An introduction to Service Mesh
Microservices or Microservices-based application architectures have become increasingly popular over the past few years as it provides inherent scalability and agility of deployment. At the same time, it also has security impacts:
• A web of interconnections and communication links to be protected.
• Fine-grained control of traffic behavior
• Need for secure service discovery mechanisms.
• Need to support access controls.
One such way to address these challenges is service mesh which serves as a dedicated infrastructure layer for handling service-to-service communication.
What is Service Mesh?
A service mesh is a dedicated infrastructure layer for facilitating service-to-service communications between microservices. There can be different architectural patterns to implement service mesh, however, it's often implemented using a sidecar proxy. The sidecar is attached to a parent application and provides supporting features for the application. The sidecar also shares the same life cycle as the parent application, is created, and retired alongside the parent.
Conceptually, a Service Mesh can be used to provide infrastructure services for all applications based on the microservices architecture in which there are hundreds of services and tens of instances in each service
A Service Mesh consists of two main architectural layers or components:
● Data plane: The interconnected set of proxies in a Service Mesh that control the inter-services communication represents its data plane
● Control plane: A control plane is a set of APIs and tools used to control and configure data plane (proxy) behavior across the mesh.
How does it work?
The proxy sits in front of each microservice and all communications are passed through it. The proxy is responsible for connection details, traffic management, error and failure handling, and collecting metrics for observability purposes. When proxies talk with other proxies — decoupled from each service — you get a service mesh.
What does it help with?
Here are some of the core features a service mesh product provides:
● Authentication and authorization — Certificate generation, key management, whitelist and blacklist, Single sign-on (SSO) tokens, API keys
● Secure service discovery — Discovery of service endpoints through a dedicated service registry
● Secure communication — Mutual Transport Layer Security (TLS), encryption, dynamic route generation, multiple protocol support, including protocol translation where required (e.g., Hypertext Transfer Protocol (HTTP)1.x, HTTP2, gRPC, etc.)

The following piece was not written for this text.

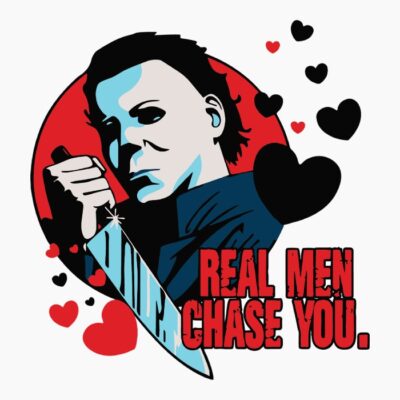 REAL MEN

● Resilience/stability features for communication — Circuit breakers, retries, timeouts, fault injection/handling, load balancing, failover, rate limiting, request shadowing
● Observability/monitoring features — Logging, metrics, distributed tracing
Let’s see a use case?
There can be several use cases for service mesh. To understand it better let's go through a network reliability use case (referenced from service mesh for dummies) to handle network failures in the service mesh automatically and transparently, by retrying failed requests within the parameters set up by the application owners
They can define the timeout budgets for retries and jitter thresholds to restrict the impact of the increased traffic caused by retries on upstream services. If there’s a 503 Service Unavailable error because the server is completely unavailable due to scheduled maintenance, the app operator would need to make sure that the application has resiliency built in to handle the 503 errors returned from Envoy when it stops retrying. One of the main benefits of offloading the retries to the proxy is that you can define the application resiliency settings between services independently of the programming language because the configuration layer is language agnostic.
What’s in the market?
Some of the open-source service mesh solutions are:
- Istio
- Linkerd
- Consul Connect
- Kuma
- Maesh
- ServiceComb-mesher
- Network Service Mesh
- OpenShift Service Mesh by Red Hat.
Conclusion
The best approach to proceed (or not to) with service mesh implementation is to understand, as with any other technology, whether it fits as a solution to your problems.
A service mesh adds operational complexity to the technology stack and therefore is typically deployed if the organization is having trouble scaling service-to-service communication, has a large number of microservices, or has a specific use case to resolve. A pilot project can be implemented on a subset of microservices thereby analyzing the results and benefits it provides leading to full-scale implementation.
In both cases, it’s important to understand and develop a sound understanding of service mesh concepts.